We get questions from readers most days of the week asking about interesting coins they found and wondering what sort of error they’ve got their hands on. Sadly in a lot of cases these coins are not errors and are either perfectly normal coins, or some sort of post mint damage. We also tend to see the same sort of thing over and over. This article shows the more common things we come across and explains why they ARE NOT errors.
Acetone or Solvent Treated Coloured Coins
The recent glut of coloured coins released by the Royal Australian Mint have made acetone or solvent treated coins the single most common post-mint-damage coin that is NOT an error. If the colour is missing from a coloured coin, then there’s about a 99.9999% chance that someone has removed it from the coin with solvent. And this is not a new thing, it’s been going on since 2001 when unscrupulous coins sellers were removing the printed map of Australia from the reverse of 2001 dollar coins from proof sets and selling them as errors. In fact, removing colour from coins is something we’ve been writing about for almost 10 years, including this article on “uniface” 2004 dollar coins, this one about no colour $2 coins, and this one on removing the colour from printed wildlife dollar coins.
Sanded or Ground Coins
If you’ve found a coin that is missing a lot of the obverse design or the reverse design and had a strangely flat appearance then you’ve almost certainly got a coin that someone has sanded on a belt sander or ground down on a bench grinder. Why? Honestly, we have no idea. But just look for the telltale parallel lines across the missing part of the design and that’s a sure sign of a ground down coin.

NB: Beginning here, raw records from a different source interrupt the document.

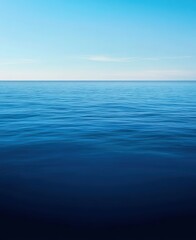 Obraz premium Calm deep blue ocean showing horizon line under a clear light blue sky. Tranquil seascape background with copy space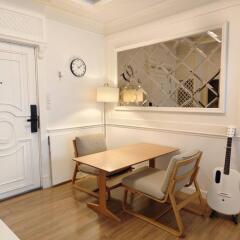 Compact dining area with a wooden table, two chairs, a decorative wall mirror, and a guitar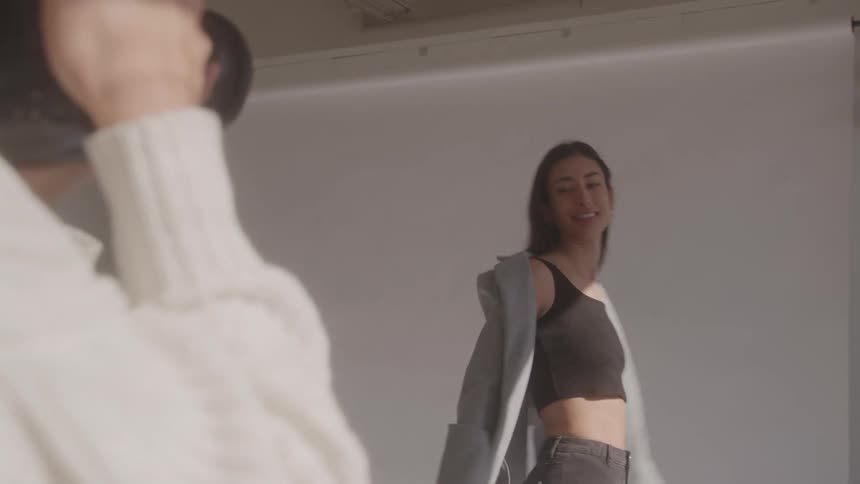 Young female model posing and smiling while a female photographer takes a picture indoors during day time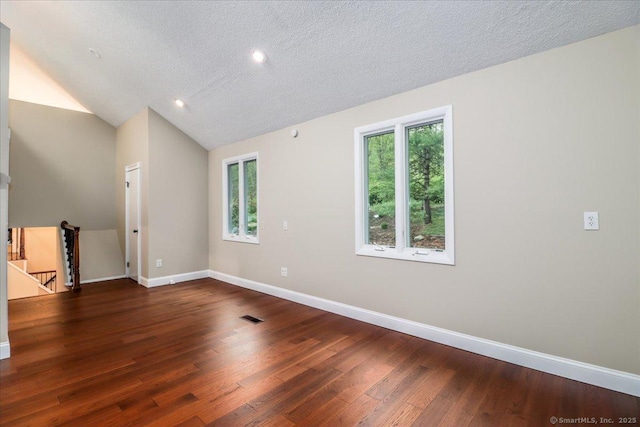 spare room with a wealth of natural light, baseboards, hardwood / wood-style floors, and a textured ceiling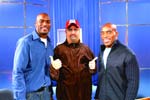 Three men standing side by side and smiling in front of a blue curtain backdrop.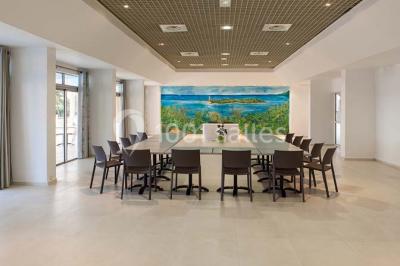 Deux tasses blanches avec cuillères sur un plateau, posées sur une table près d'une lampe dans une chambre lumineuse.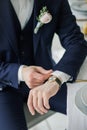Close-up of a man in a tux fixing his cufflink. groom bow tie cufflinks. Groom adjusts cufflinks, groom in a blue suit straightens Royalty Free Stock Photo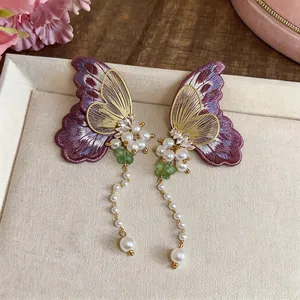 Close-up detail of handcrafted embroidered butterfly earrings with pearls and silver needles
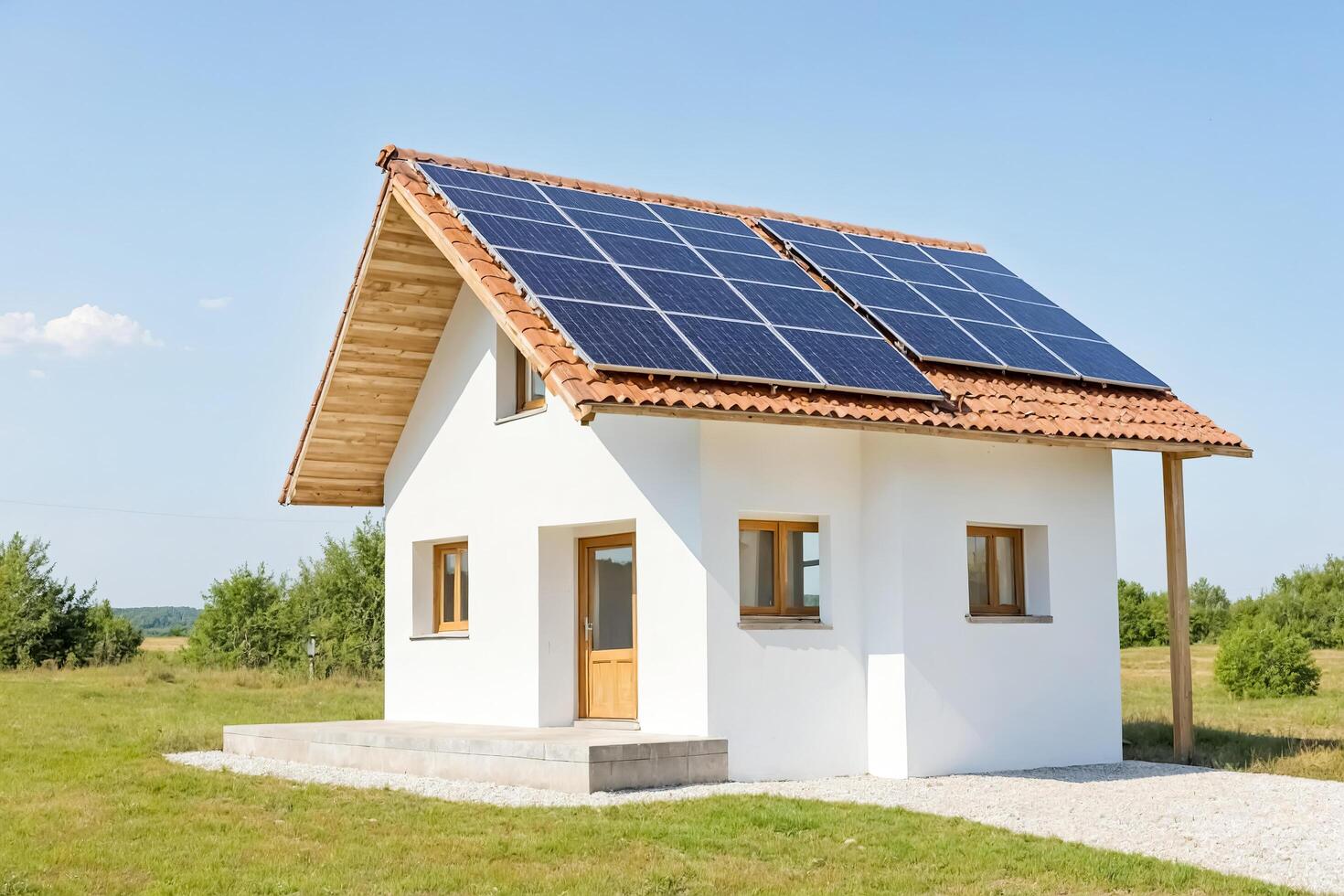 Small House With Solar Panels On The Roof photo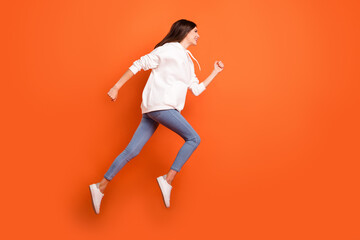 Wall Mural - Full length body size profile side view of pretty motivated cheerful girl jumping running isolated bright orange color background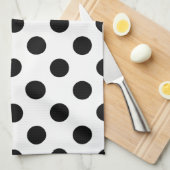 Zwarte haarpunten op wit theedoek (Quarter Fold)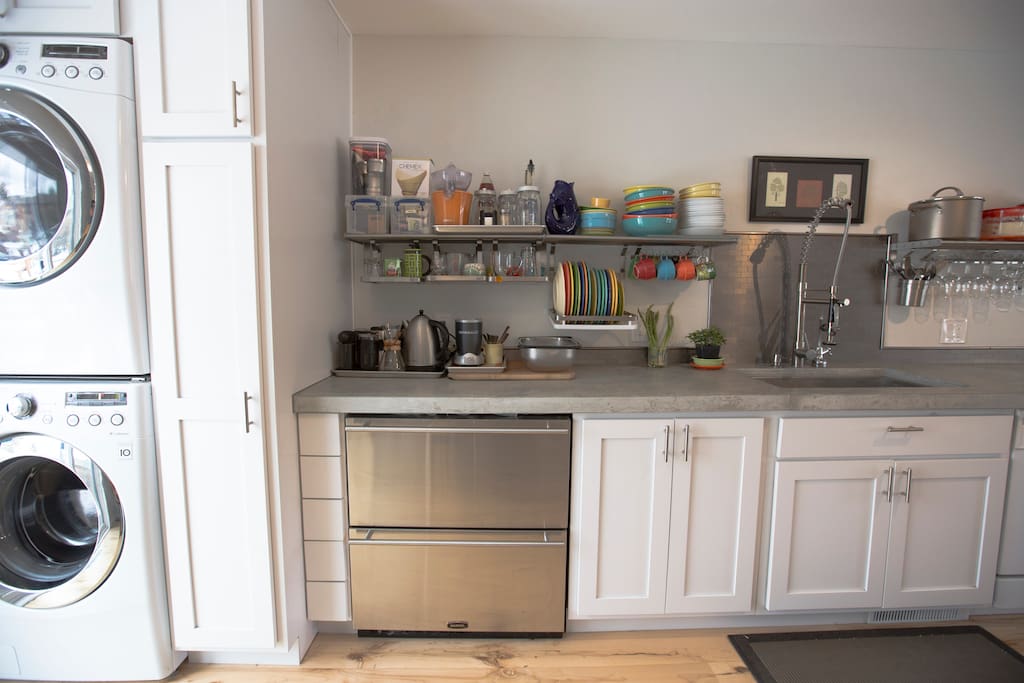 High end laundry and stocked kitchen with many upgraded appliances.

Some people argue with us that their coin is a “filled die” but that’s simply not true, filled dies are never ever ever so flat, nor do they show parallel lines or striations
Acid Treated Coins
People have been putting coins in acid for decades. Again, we’re not sure why but we see several pictures of acid treated coins a month. They are described variously as filled dies, strange strikes, and thin planchets. Sometimes they are treated on one side, mostly on both. But they are all just post mint damage. Above you can see a 50 cent we found in circulation that exhibits all of the characteristics of an acid treated coin. Note how the lettering appears spidery, note also they the strange indentations that are parallel and seem to be more clustered around the areas of high relief such as the portrait, the lettering, and the rims. That’s because when a coin is struck the grain microstructure of the metal is altered, with larger grains around the areas of high relief (the greatest metal deformation). These larger grains are more easily attacked by acid and hence you tend to see more erosion in those areas than in the flat and less deformed part of the coin. Some readers have tried to argue with us that it can’t be acid because it would attack all surfaces equally. Well, if those readers would like to go away and do a 4 year engineering degree that included several courses on metallurgy like one of your authors did then they are welcome to do so and come back and discuss the issue again.
Hammer, Vice, or Shed Jobs
The sorts of damaged coins you can see above are probably one of the most troubling we see. Mostly because they are created deliberately to deceive error collectors. So called “shed jobs”, or “hammer coins”, or even “vice jobs” are created by squashing a coin between two other coins. They are then sold variously as brockages, double strikes, or multiple strikes. The coins at the top of the image above were bought at a legitimate public auction, so not only did they deceive the buyer, they also deceived the auction house. The coins at the bottom of the image were made by a friend of ours in about 5 minutes using tools from his shed. So why are they not errors? In every case the second “strike” is ALWAYS low pressure, much much much lower pressure than a real coin strike. In fact, when a coin really is double struck almost all evidence of the first strike is obliterated by the second. Other reasons these are impossible is because they require two simultaneous die caps (which is basically impossible), or even have improbable strike combinations like a 2 cent impressed on one side by 10 cent and the other by a 1 cent, a circumstance that is impossible. Our warning with this type of coin (and every other type of error) is that if you do not understand how it was made then don’t buy it. Go away and get a basic understanding of the coin manufacturing process and you’ll quickly see that these “shed jobs” are nothing more than damaged coins.
Roadkill or Mower Coins
Coins like that above are what we like to call roadkill coins or mower coins. Why? Because they’ve most likely spent part of their lives getting run over by vehicles on a road or in a car park. Or perhaps made close acquaintance with the spinning blades of a lawnmower. They are horrifically damaged and so horrifically damaged that we’re amazed anyone would think they are an error. And yet, somehow people do. We’ll just re-iterate what we said earlier, go away and get a basic understanding of the coin manufacturing process and you’ll quickly see that these damaged coins could never have got they way they are during the coin manufacturing process.